Secondo il mito tramandato dal poeta Esiodo, Zeus donò un vaso a Pandora raccomandandole di non aprirlo. Pandora, che purtroppo era molto curiosa, scoperchiò invece il vaso liberando così tutti i mali del mondo. Sul fondo del vaso rimase soltanto la speranza, che non fece in tempo ad allontanarsi prima che il vaso venisse chiuso di nuovo. L’umanità, che fino a quel momento aveva vissuto libera da dispiaceri, dopo l’apertura del vaso fu condannata a vivere in un mondo desolato e triste. Questo stato di infelicità perdurò fino a quando Pandora non aprì nuovamente il vaso per far uscire anche la speranza.

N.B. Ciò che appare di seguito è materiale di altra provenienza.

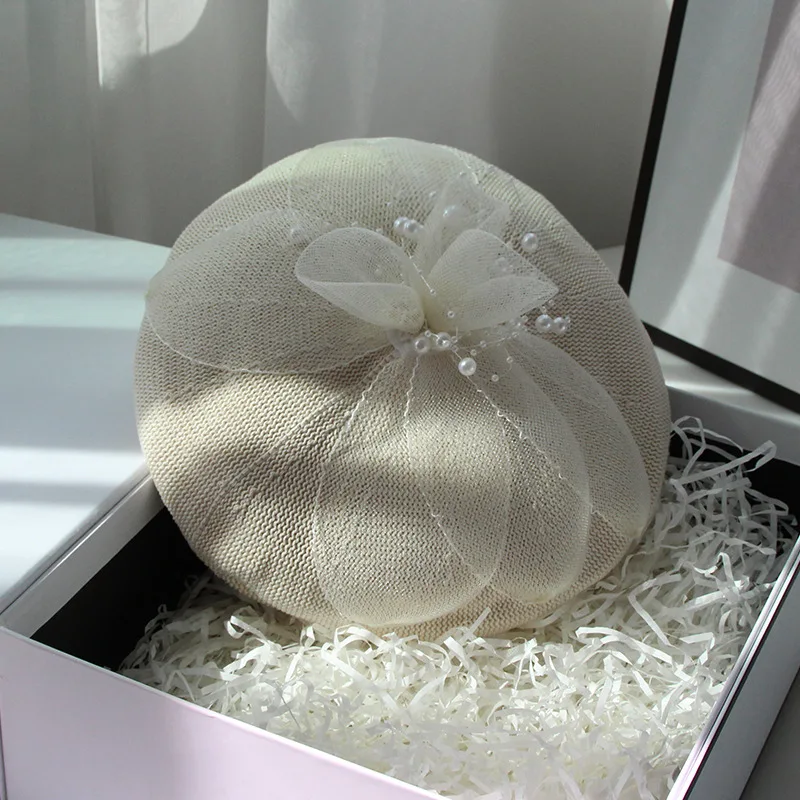 Mesh Flower Berets Women Summer Spring Breathable Cambric Octagonal Cap Casual Ladies Street Travel Sun Protection Beret Cap
Mesh Flower Berets Women Summer Spring Breathable Cambric Octagonal Cap Casual Ladies Street Travel Sun Protection Beret Cap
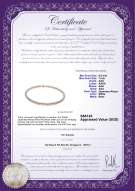 Product certificate: W-AAA-657-N-Akoy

Oggi però, ai consumatori moderni, è lecito domandarsi se la speranza sia effettivamente da considerarsi la salvezza da tutti i mali o, piuttosto, l’ultimo demone. La speranza è un’emozione prossima alla gioia ed è di fondamentale importanza per le pratiche di marketing. Esistono, infatti, settori, quali quello farmaceutico e cosmetico, che fondano la loro esistenza su questa unica risorsa immateriale. I marketing manager più avveduti ne sono assolutamente consapevoli e, a questo riguardo, è celebre la dichiarazione del fondatore di Revlon che sostiene: “In fabbrica produciamo cosmetici, in profumeria vendiamo speranza”. Diversi momenti di consumo, come il gioco del Lotto o in Borsa, sono fortemente connotati da questa emozione. Secondo la prospettiva cognitivista, la speranza è un’emozione a valenza positiva che trova i suoi antecedenti cognitivi, come la gioia, nella rilevanza e desiderabilità del risultato, ma, a differenza della felicità, anche nell’incertezza: l’accadimento sperato è possibile, mentre l’evento che ha prodotto la felicità è certo.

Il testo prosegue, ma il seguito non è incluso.